Un an après le début de la crise financière déclenchée par l'effondrement de l'immobilier aux États-Unis, une nouvelle hausse rapide et irrationnelle des prix des actions, des maisons ou encore du pétrole pourrait paraître improbable. Pourtant, tous les ingrédients sont réunis pour qu'apparaisse une nouvelle bulle, avertissent les experts.

Historiquement, les bulles majeures se produisent à des décennies, voire des siècles d'intervalles. Pourtant, alors que l'explosion de la dernière bulle continue à faire sentir ses effets sur l'économie mondiale, les conditions sont réunies pour la formation de la suivante.

Deux signaux d'alerte accréditent cette hypothèse. Le cours de l'or a atteint un plus haut historique à 1062 $ US l'once jeudi, et l'indice Nasdaq des valeurs technologiques a gagné 68% depuis mars.

Les experts notent une forte hausse du volume des capitaux circulant dans le monde à la recherche des meilleurs rendements. Les investisseurs sont toujours obsédés par les gains à court terme au détriment de la performance sur le long terme. Et l'information voyage aujourd'hui instantanément, favorisant les réactions «moutonnières».

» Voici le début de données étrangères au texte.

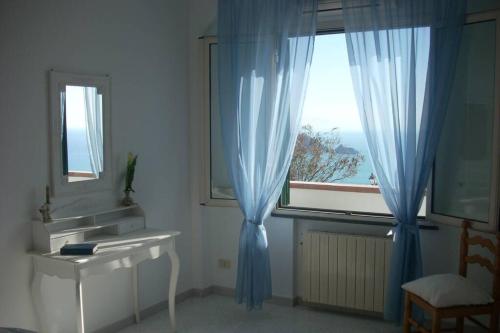 a bathroom with a sink and a window with blue curtains at Sea&sky in Praiano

«La question n'est pas de savoir si (une bulle) peut se reproduire, mais plutôt de savoir quand», souligne Kenneth Rogoff, professeur d'économie à l'université de Harvard et coauteur d'un ouvrage sur les bulles.

Aux États-Unis, les courtiers imprudents et certains acheteurs de logements ont été mis en cause, les premiers pour la bulle des actions internet du début de la décennie et les seconds pour la bulle immobilière, qui est encore en train de se dégonfler. Mais ce ne sont que des «acteurs» secondaires. L'augmentation du volume des capitaux en quête des investissements les plus rapides et rentables a joué un rôle bien plus grand dans l'apparition de ces bulles.

Au cours des 30 dernières années, la valeur des actifs financiers dans le monde - comme les actions, les obligations et les dépôts bancaires -, est devenue quatre fois plus grande que le produit intérieur brut (PIB) mondial annuel. Le Mckinsey Global Institute estime que ces actifs ont culminé à 194 000 milliards US en 2007. Ils ont certes chuté à 178 000 milliards US fin 2008, mais restent à un niveau beaucoup plus élevés qu'en 1990 (43 000 milliards US) ou en 2000 (94 000 milliards US).

La recherche des plus hauts rendements conduit souvent à miser sur les mêmes types d'investissements. C'est ce genre de comportement moutonnier qui conduit les prix des «produits» concernés à gonfler de manière déraisonnable.

Le professeur Rogoff, comme d'autres experts, estime que des règles plus strictes sur la prise de risques, les rémunérations de Wall Street et l'emprunt sont nécessaires. L'instauration de bonnes pratiques «pourrait retarder l'apparition de la prochaine (bulle) de 50 à 75 ans», selon M. Rogoff.

Les bulles ne datent pas d'hier. Durant la «tulipe-mania» qui saisit la Hollande au XVIIe siècle, cette fleur fut à l'origine d'une bulle brève mais ruineuse. À la fin du XIXe, les actions des chemins de fer américains se sont envolées... avant de dégringoler. Quelques décennies plus tard, Wall Street connut une ascension historique avant le krach de 1929, à l'origine de la Grande Dépression.

Entre la Seconde Guerre mondiale et les années 80, les grandes bulles ont été rares aux États-Unis. Les économies mondiales étaient alors étroitement régulées et le flux des capitaux internationaux limité, note Carmen Reinhart, professeur d'économie à l'Université du Maryland.

La situation est très différente aujourd'hui. Les marchés financiers internationaux sont fortement interconnectés, et le flux des capitaux transfrontaliers a augmenté, rendant l'économie américaine «beaucoup plus sujette aux crises», souligne Mme Reinhart.

Harrison Hong, un économiste de l'université de Princeton, estime que la logique de court terme qui anime les investisseurs les conduit également à oublier la crise précédente. Après l'explosion de la bulle technologique en 2000, il n'a fallu que quelques années pour que les mêmes investisseurs qui avaient perdu de l'argent dans les actions internet se tournent vers l'immobilier alors que les prix des logements augmentaient rapidement. «A mon avis, nous connaîtrons une répétition de ce scénario», prédit M. Hong.